## [What is expected]
Each line from the first entry to the line with "ইসরাইল-ফিলিস্তিন সংঘাত শুরুর ইতিহাস", both included, is to be returned unchanged, with any pictures dropped.

<<<<

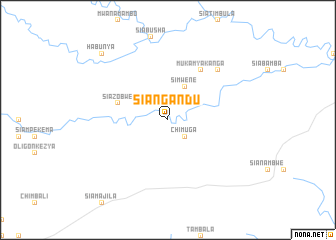 map of Siangandu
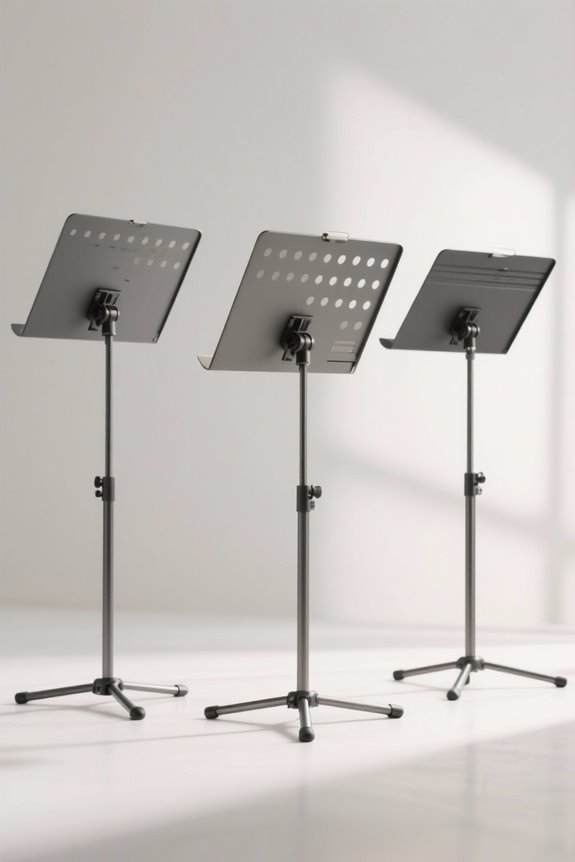 affordable adjustable music stands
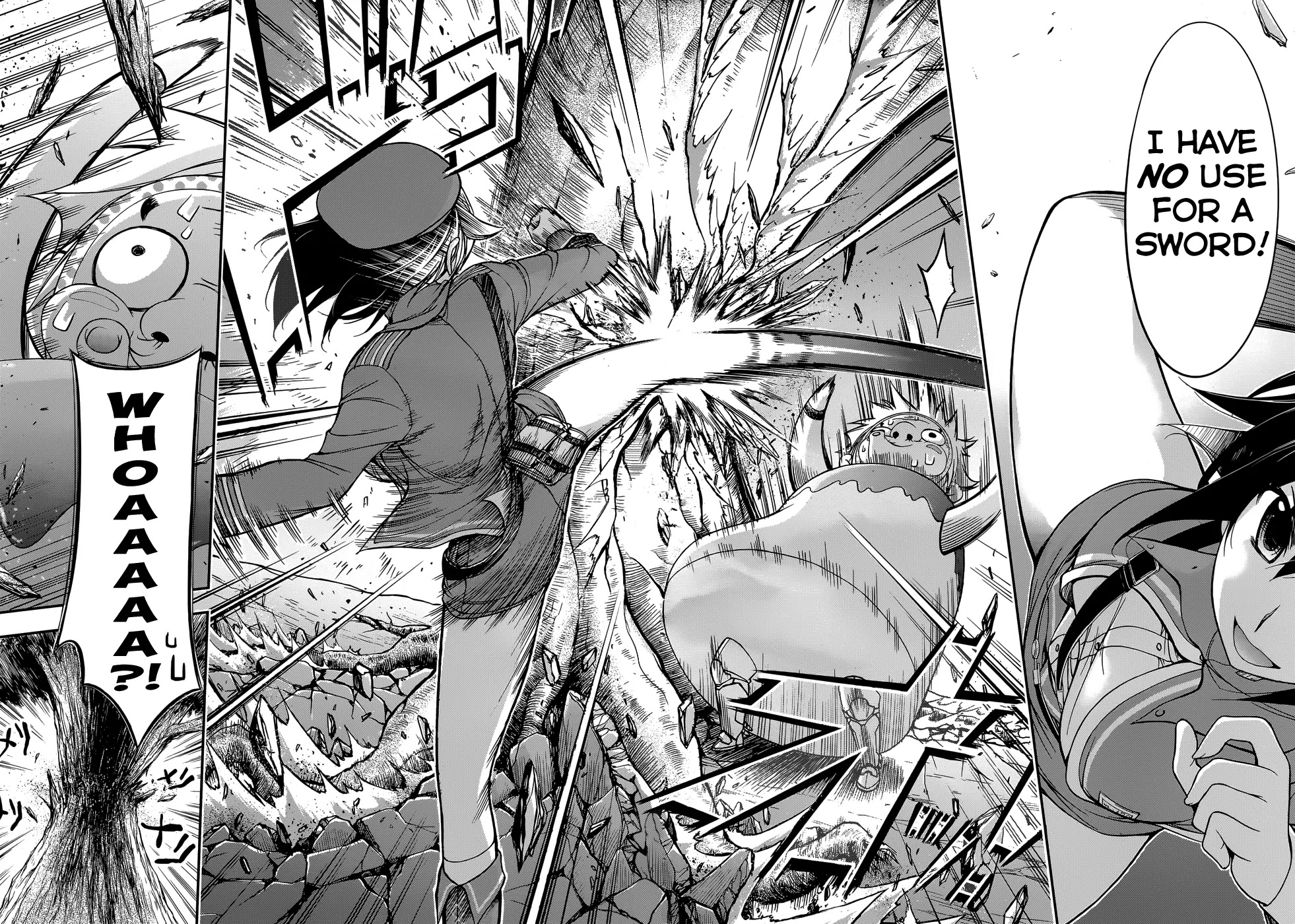 Plunderer Chapter 3 - Page 27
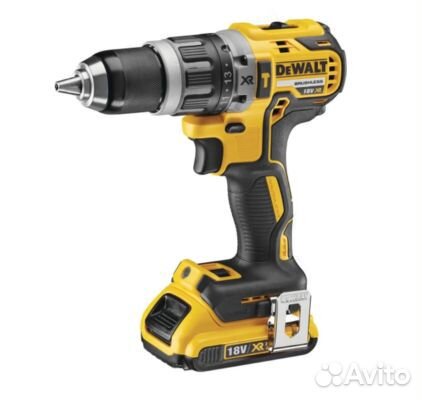 Аккумуляторный Шуруповерт DeWalt DCD796D2 18В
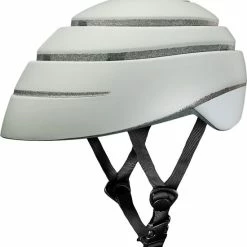 Aanbiedingen ? Closca – Fietshelm En Stephelm – Inklaapbaar – Unisex – Loop Parel Wit – Maat M ?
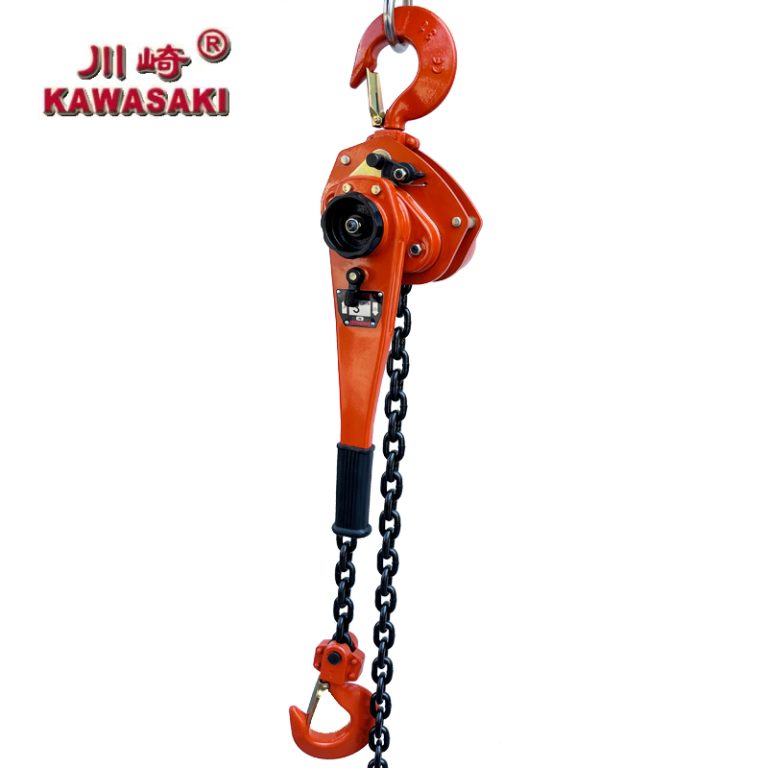 KAWASAKI MANUAL HOIST LEVER HOIST VL 3T
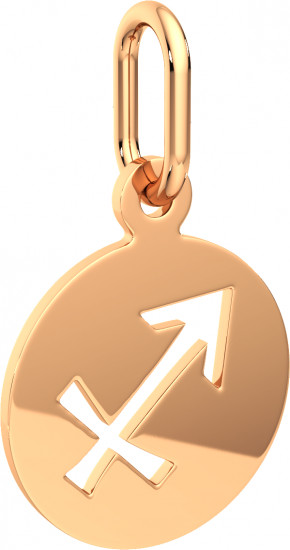 Подвеска из золота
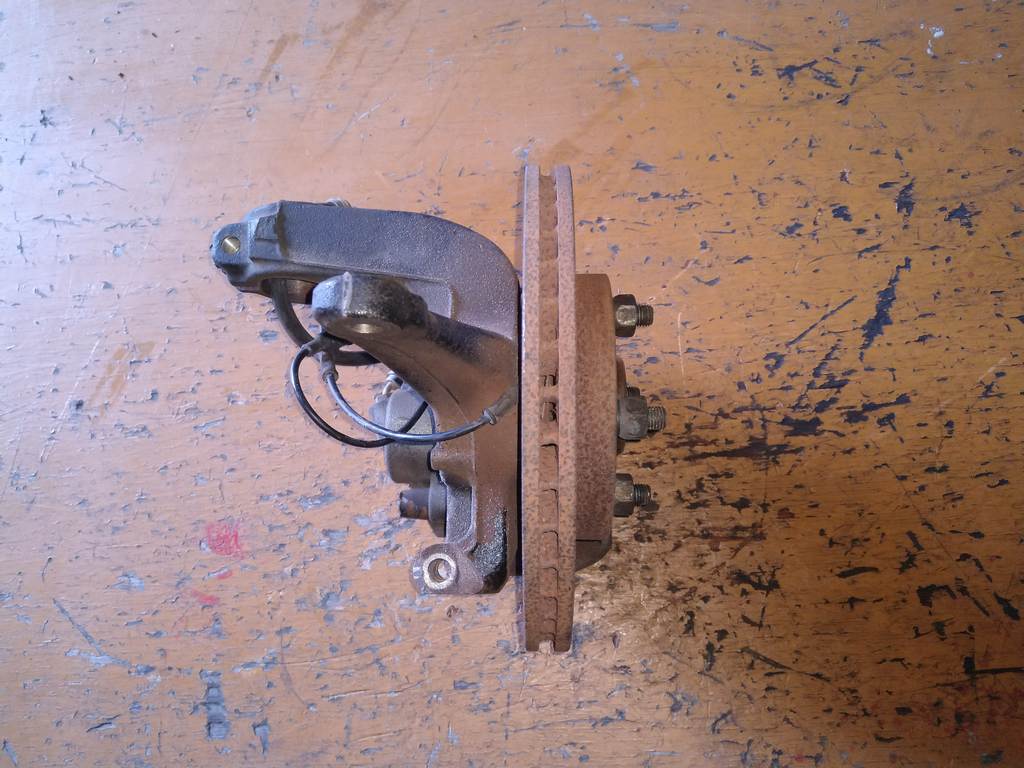 ступица Mazda Demio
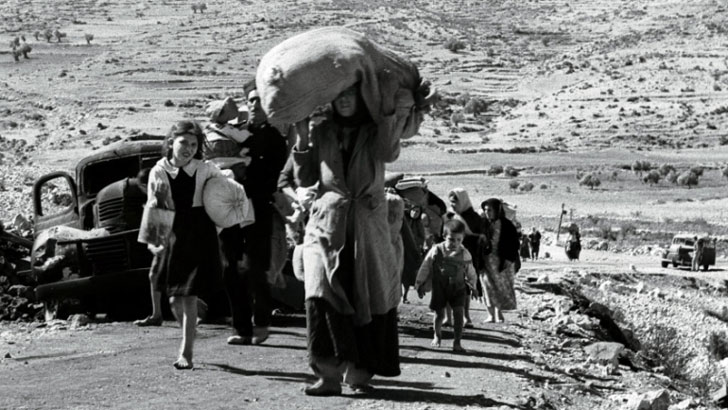 ইসরাইল-ফিলিস্তিন সংঘাত শুরুর ইতিহাস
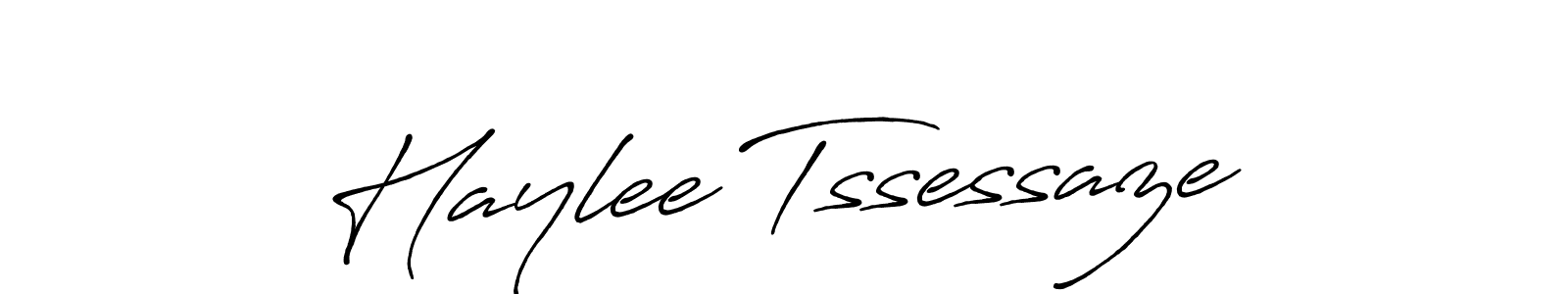 if you are searching for the best signature style for your name Haylee Tssessaze. so please give up your signature search. here we have designed multiple signature styles  using Antro_Vectra_Bolder. Haylee Tssessaze signature style 7 images and pictures png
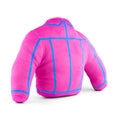 Load image into Gallery viewer, Dog Toy Squeaker Plush - Barbie Jacket Replica Pink/Blue
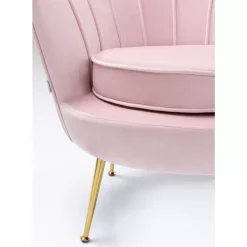 KARE Design Sessel-Sessel Water Lily Rosa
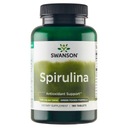 Swanson Spirulina 500mg detoxikačné čistiace chudnutie 180 tabliet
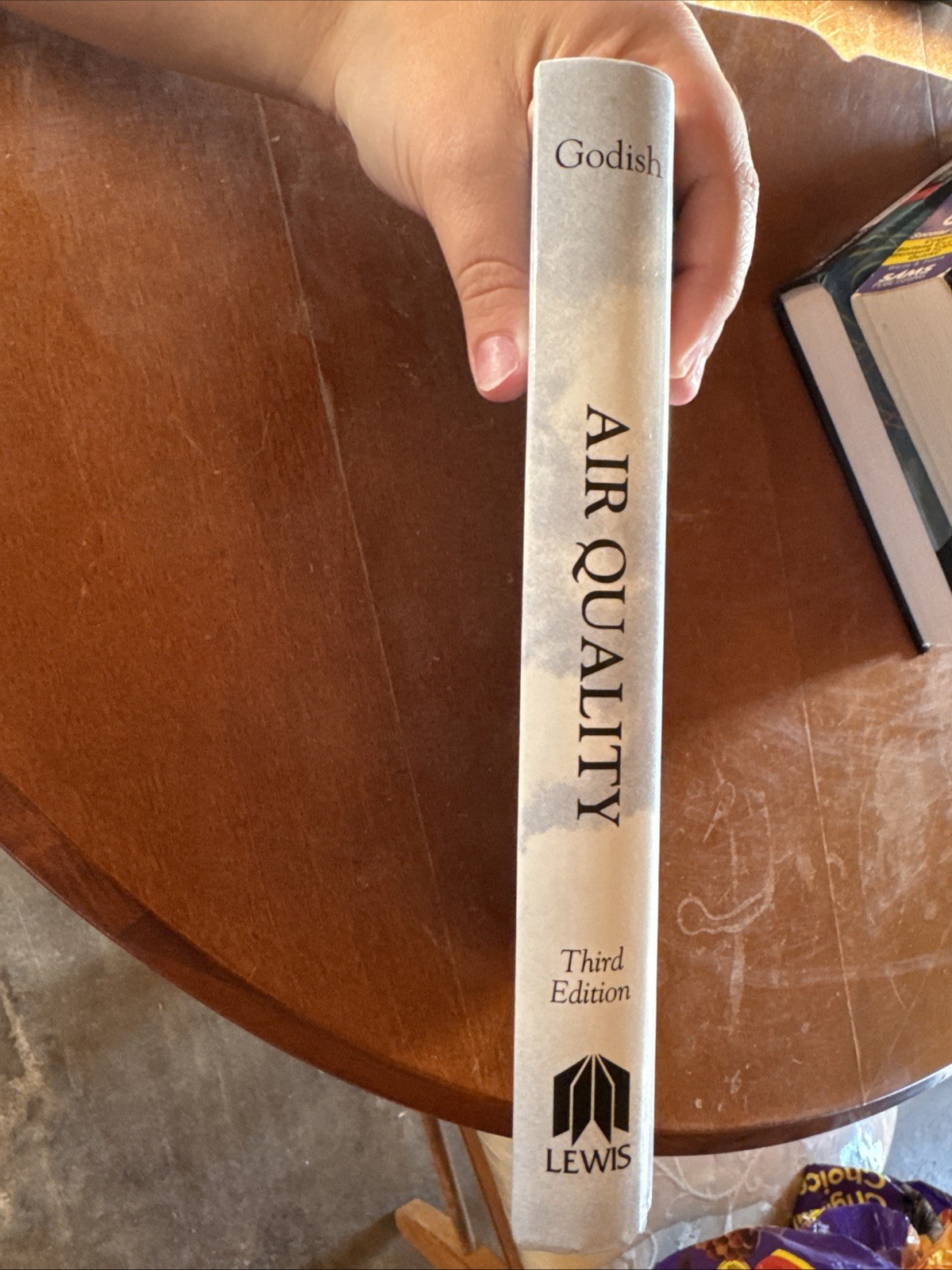 Air Quality by Thaddeus Godish (1997, Hardcover)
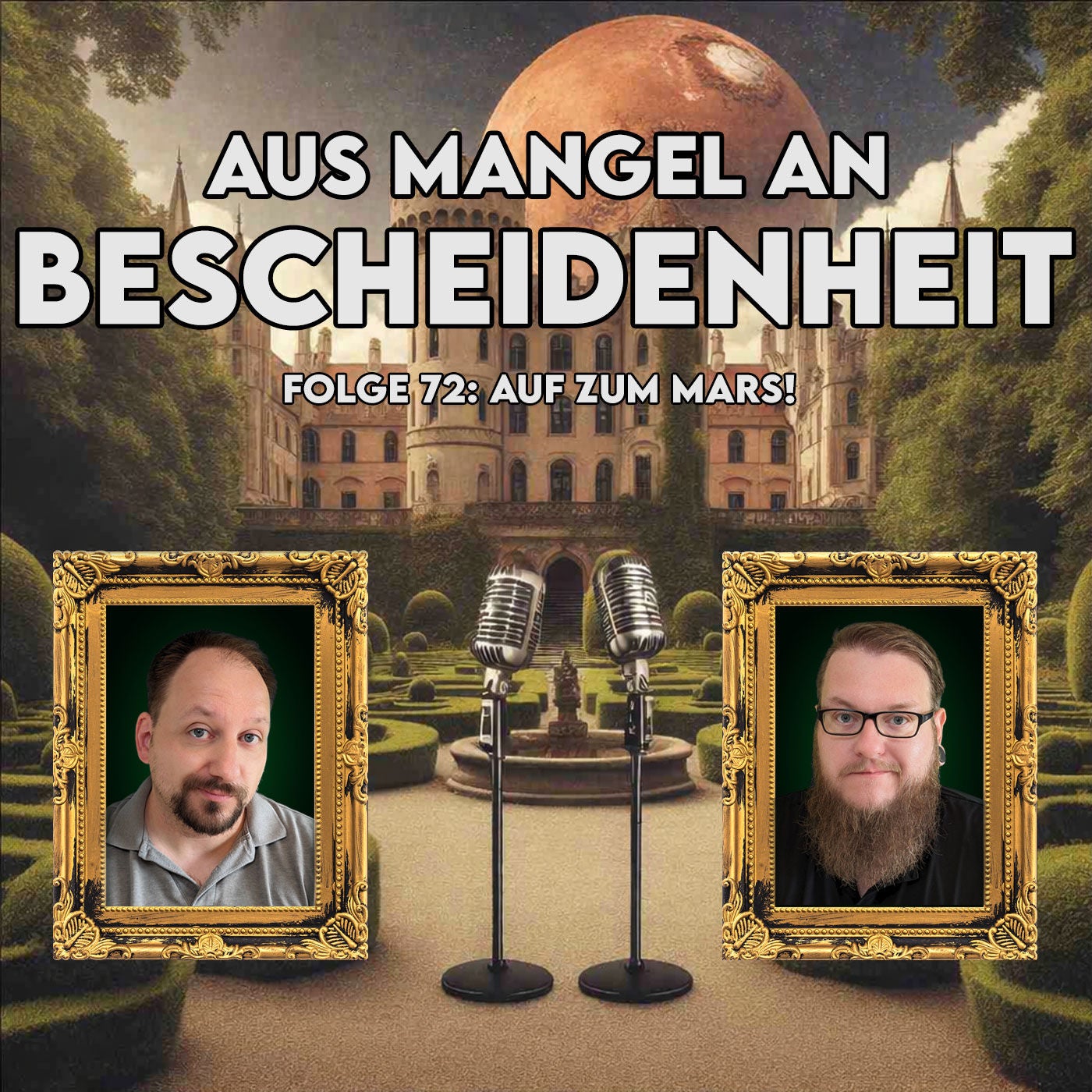 72 - Auf zum Mars!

>>>>

## [Expected answer]
 map of Siangandu
 affordable adjustable music stands
 Plunderer Chapter 3 - Page 27
 Аккумуляторный Шуруповерт DeWalt DCD796D2 18В
 Aanbiedingen ? Closca – Fietshelm En Stephelm – Inklaapbaar – Unisex – Loop Parel Wit – Maat M ?
 KAWASAKI MANUAL HOIST LEVER HOIST VL 3T
 Подвеска из золота
 ступица Mazda Demio
 ইসরাইল-ফিলিস্তিন সংঘাত শুরুর ইতিহাস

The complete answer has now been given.